Exodus has never before seemed to me to be a fruitful field for mediation but its seems to call and especially with the question, what can I learn from what I read? This obviously should always be the background question that must follow in study of the Bible after finding out first what the original writers sought to convey, else that study simply remains an intellectual exercise. But God’s word is here to teach us, challenge us and train us (see 2 Tim 3:16).

The account starts out by reminding us who were the sons of Israel who now found themselves in Egypt with old man Israel: eleven sons, Joseph already being there (1:1-5), seventy (or 75 according to the footnote) in all. They had come because of a famine that covered the whole of the area. Very clearly, in hindsight at least, God had used Joseph to become the bringer of wisdom to the king of Egypt, both foretelling the coming years of good then bad, and how to deal with the seven years of famine that would come. It is a complex story and one which had its origins right back with grandfather Abram being given the revelation by God of what would happen: Then the LORD said to him, “Know for certain that your descendants will be strangers in a country not their own, and they will be enslaved and mistreated four hundred years. But I will punish the nation they serve as slaves, and after ward they will come out with great possessions.” (Gen 15:13,14). It is also a story of mystery.

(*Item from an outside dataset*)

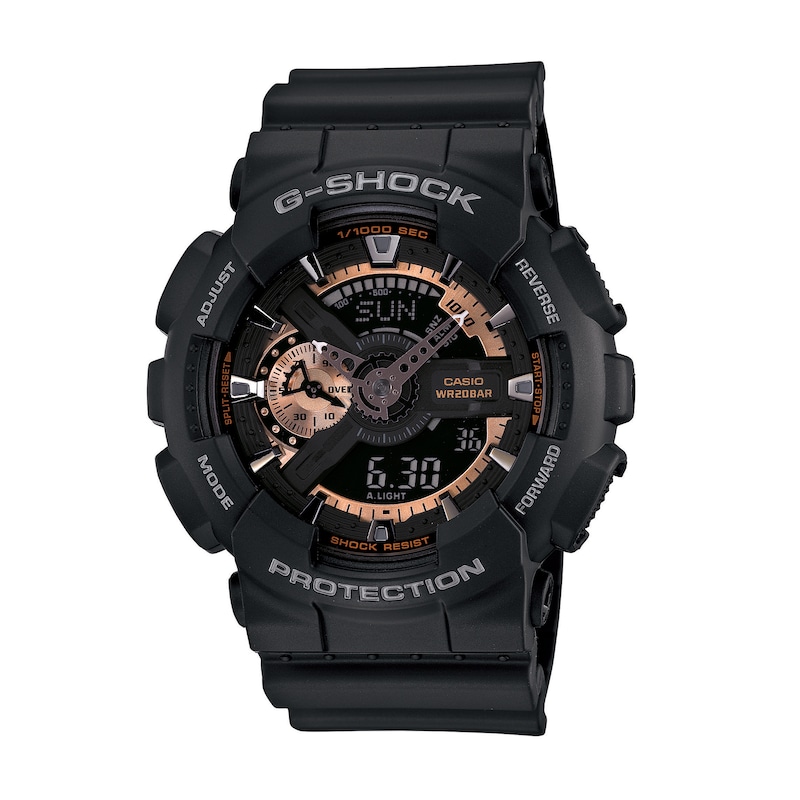 Men's Casio G-Shock Analog Digital Black Resin Strap Watch with Black and Rose-Tone Dial (Model: GA110RG-1A)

Now why do I say that? Well, the question has to arise in the  thoughtful person, did God simply know that in the workings of this fallen world a famine would occur in the not too distant future or did He purposefully bring it?  Knowing it was coming, could He not have prevented it?  Knowing it was coming, did He have to allow Joseph to go through years of slavery and imprisonment before being brought into Pharaoh’s court with divine knowledge and wisdom to help him?  Knowing that Israel and his family would end up in Egypt could He not have told them to go back home after the famine was past so they did not end up in a disadvantageous position in the centuries to come? All good and valid questions!

Well there was a clue given two verses on: In the fourth generation your descendants will come back here, for the sin of the Amorites has not yet reached its full measure.” (Gen 15:16)  Much, much later on in the story the Lord reveals that He has a threefold purpose  that will be revealed nearer the end of the story and it is well to keep these things in mind throughout:

  1. To bring judgment on Egypt for all their superstitious and occult-based idol worship and the intransigent pride of the Pharaoh who will be ruling in some four hundred years time,
  2. To being judgment on the Canaanites (‘Amorites’ is shorthand for the Canaanite mixed peoples) who will become another general people-group who will have degenerated into pagan occult idol worship of the most terrible kind, and
  3. To provide Israel with a home of their own, in a manner they will never forget and which will reveal amazing things about God.

Now of course  all these thing become clear only in retrospect.  How much of it all was simply the outworkings of a broken, fallen world, and the sinful goings on of people, and how much of it was the purposeful working of God we can never know. It is clear from Scripture that God works through His knowledge of what people will do and how they will respond, and so He will intervene in ways that help direct, guide or change the affairs of men.  He never seems to make men and women respond in the ways they do but He clearly knows how they will respond in given circumstances.

So what do these ponderings on the early affairs of life of Israel teach us?  Well first of all that the circumstances that we find ourselves in are a combination of:

  1. the workings of a broken and fallen world that ‘goes wrong’
  2. the activities of sinful human beings, including us! and
  3. the intervention and working of Almighty, all-knowing and all-wise God

Moreover, in respect of where we are in history, it comes from

  1. a life of interaction of all these things,
  2. many of which we will not be aware and
  3. which we do not know their destination, i.e. where they are taking us.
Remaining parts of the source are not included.